Categorias: Contos | Tags: , , ,

18 Comments»

  • Andrey Ximenez says:

    Uma fábula.

    =D

    Que precisa de uma revisãozinha. Muitas palavras repetidas, muitas letras maiusculas. Enfim.
    Vale uma revisão
    ;D

  • peregrina says:

    legal! 😉
    só alguns errinhos aqui e ali,mas nada de mais.
    ficou ótima,coitada da tartaruga. i_i

  • lentenegra gonçalves says:

    obrigado pelos comentarios… Quanto aos erros de escrita, e repetição de palavras, vou ter mais cuidado ao redigir os contos… Abraço

    • Jones V. Gonçalves says:

      Gostei, fábulas são legais, mas prefiro as versões primarias delas, fabulas adultas huahuahauhauhauah.

      Ei, espere um minuto, Gonçalves????? É parente? Vc é de que estado? he he he he Vc chuta um matinho e se espalha Gonçalves pra tudo que é lado, o sobrenome mais comum!!!

    • Andrey Ximenez says:

      Ae lentenegra, não sabia que o conto era teu. Sinceramente esperava mais de ti pelas qualidades dos comentários. Quero um texto novo e revisado seu.

      Abrz

  • Rainier says:

    A história até está legal, mas os erros desanimam…

  • Opa, bem legal o texto! Mas como já disseram, falta uma revisão ai! Da uma broxada. Po…deixaram a bichinha morrer! xD

  • lentenegra gonçalves says:

    ok ximenes com certeza. Vou agora enviar um texto para o guns. Espero que goste! E agradeço os comentários…

  • lentenegra gonçalves says:

    esse foi meu primeiro texto… Exprime acontecimentos reais.

  • E.U Atmard says:

    Começando com tanta pompa e circunstância, dá a parecer que vai haver um conto

  • E.U Atmard says:

    desculpem, não acabei, parece que o conto vai para algum local à Dostoiévski, Kafka, Hemmingway ou Tolstoi, por isso desaponta um pouco quando se mostra um setting que apesar de original não combina com o espírito das obras nas quais se inspira. Por outro lado, está um pouco descuidado em termos de estilo, o que dá um aspecto um pouco feio a um texto que até é bonito e que faz sentido. Tem erros de ortografia, parágrafos pouco explorados, e mais que tudo, um tema um pouco cansativo e que já está muito batido. Eu entendo que todo o escritor precisa de começar por algum lado, mas tudo vai dar ao simbolismo romântico clássico?
    Não está mau, mas precisa de um polimentozinho, e de uma dose de água para diluir a parte real, se não parece semi-ficção…

  • Ju says:

    Uma fábula bonita..
    mas realmente precisa ser revisada
    e quem saber esclarecer a moral da história.

  • Luis says:

    bem legal, muitas palavras repetidas, mas com uma boa revisao, tem tudo pra ficar ainda mais interessante !

  • Vânia says:

    Desculpe-me, Lente Negra, mas fiquei desapontada com o conto. Infelizmente, eu não gostei. Primeiro, eu acho que seu prefácio não coube bem no conto. Estou lendo um livro de Eça de Queiroz e não consegui associar seu conto com um clássico do século XIX, levando em conta todos os outros que já li. Além disso, há muitos erros de português que acabam interferindo na qualidade do texto. E, finalmente, para mim, fábulas têm sempre no final “moral da história”, um conselho ou algo assim e eu não consegui captar isso no seu texto. Mas não posso negar que você tem criatividade e se você organizar melhor suas ideias e fizer uma revisão rigorosa dos textos, teremos boas histórias para ler aqui no ONE. É isso, meu caro! Abraços, Vânia.

  • Vinicius Maboni says:

    Adoro fabulas, a ideia é bem legal.
    Mas como já foi dito, vale uma revisão.

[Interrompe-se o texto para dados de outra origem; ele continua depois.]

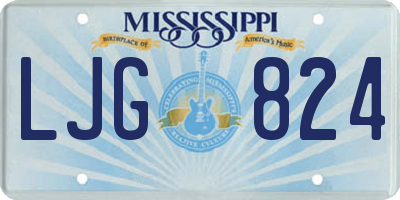 MS license plate LJG824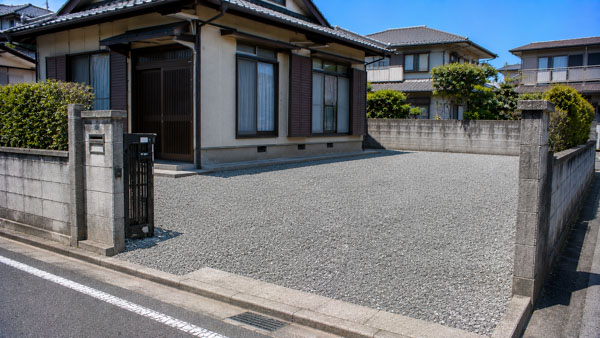筑西市 外構解体 庭石撤去 参考イメージ（解体後）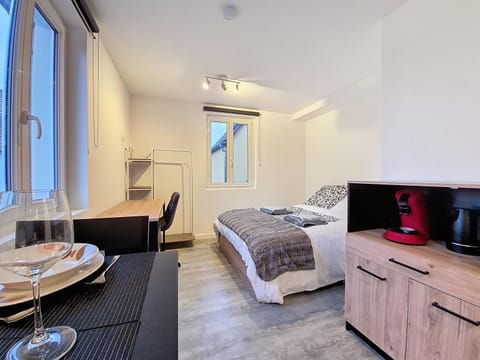 Bed, Kitchen or kitchenette, Photo of the whole room, Seating area, Dining area, Bedroom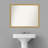 Grace Brushed Gold Narrow Bathroom Vanity Non-Beveled Wall Mirror-212889926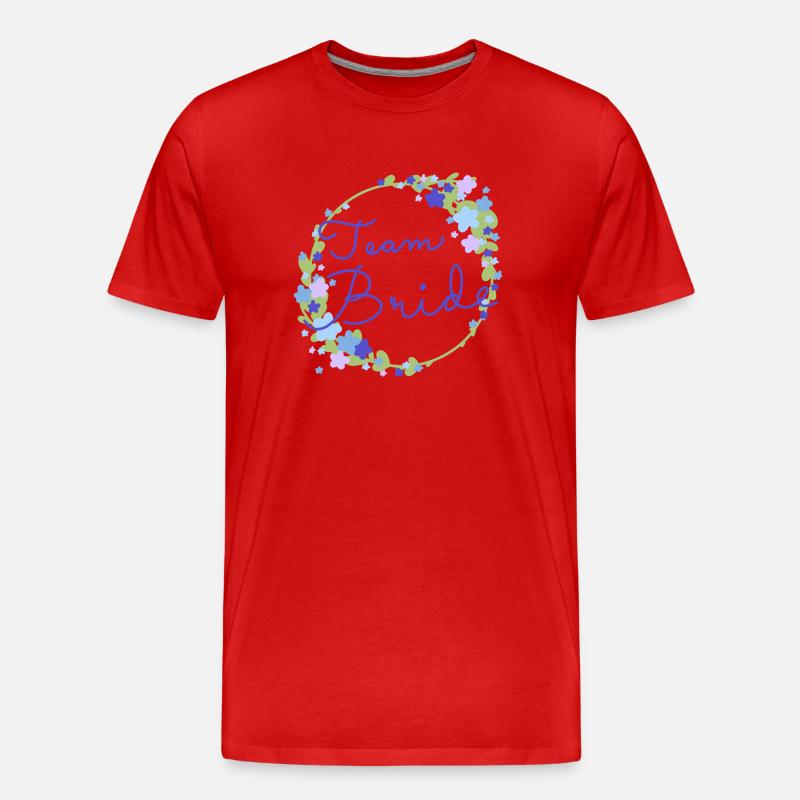 Team Bride /Team Braut - Männer Premium Bio T-Shirt - Rot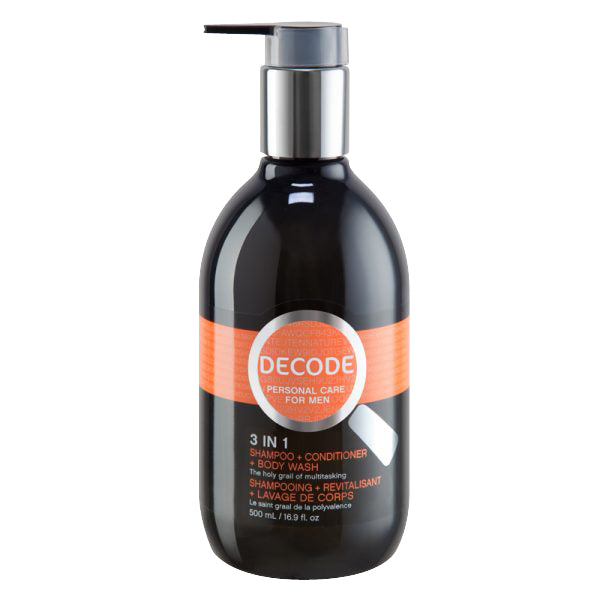 Hush Brands Decode Personal Care For Men 3｜in｜1 洗頭水, 護髮素 & 沐浴露｜500ml 主產品圖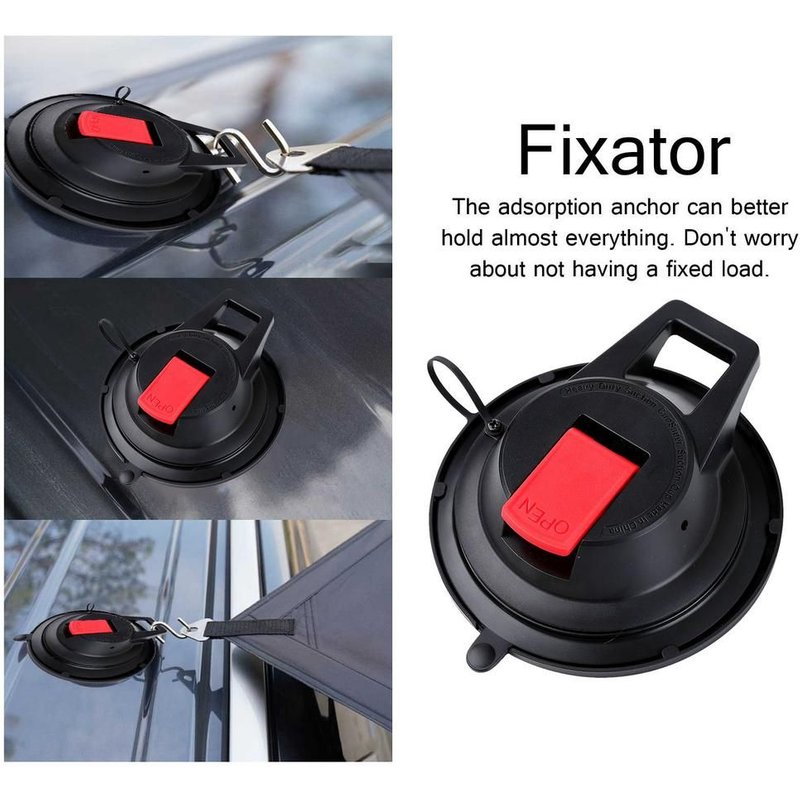 Plaque De Ventouse Sous Vide Robuste, Ancre De Bâche De Camping, Accessoire Pour Auvent Latéral De Voiture, Équipement De Camping En Plein Air, Nouveau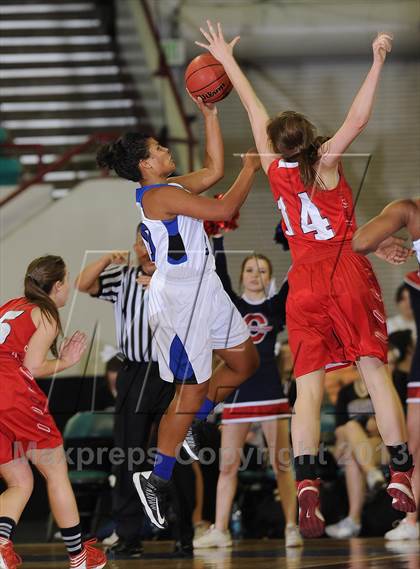 Thumbnail 3 in Grandview vs. Chaparral (CHSAA 5A Great 8 ) photogallery.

    Vi que é o primeiro texto, então tais erros são naturais.
    Busque melhorar, voce tem potencial.

    Boa sorte nessa jornada.
    Vale um parabens.

  • lentenegra says:

    Agradeco os comentarios, tenho tido muito pouco tempo para entrar no blog, mas nao podia deixar de agradecer tanto as criticas, como os elogios, pois tudo isso nos faz crer que podemos melhorar sempre. Tenho escrito muito ultimamente, deixarei alguns aqui publicados, espero que comentem e gostem

  • Gostei do conto, do ritmo dele, do estilo da narracão.

    Mas precisa dar uma revisada em algumas coisas. Por exemplo, escrever algumas palavras com inicio em letra maiuscula, quando deveriam ser minuscula.. e também minuscula quando devria ser maiuscula.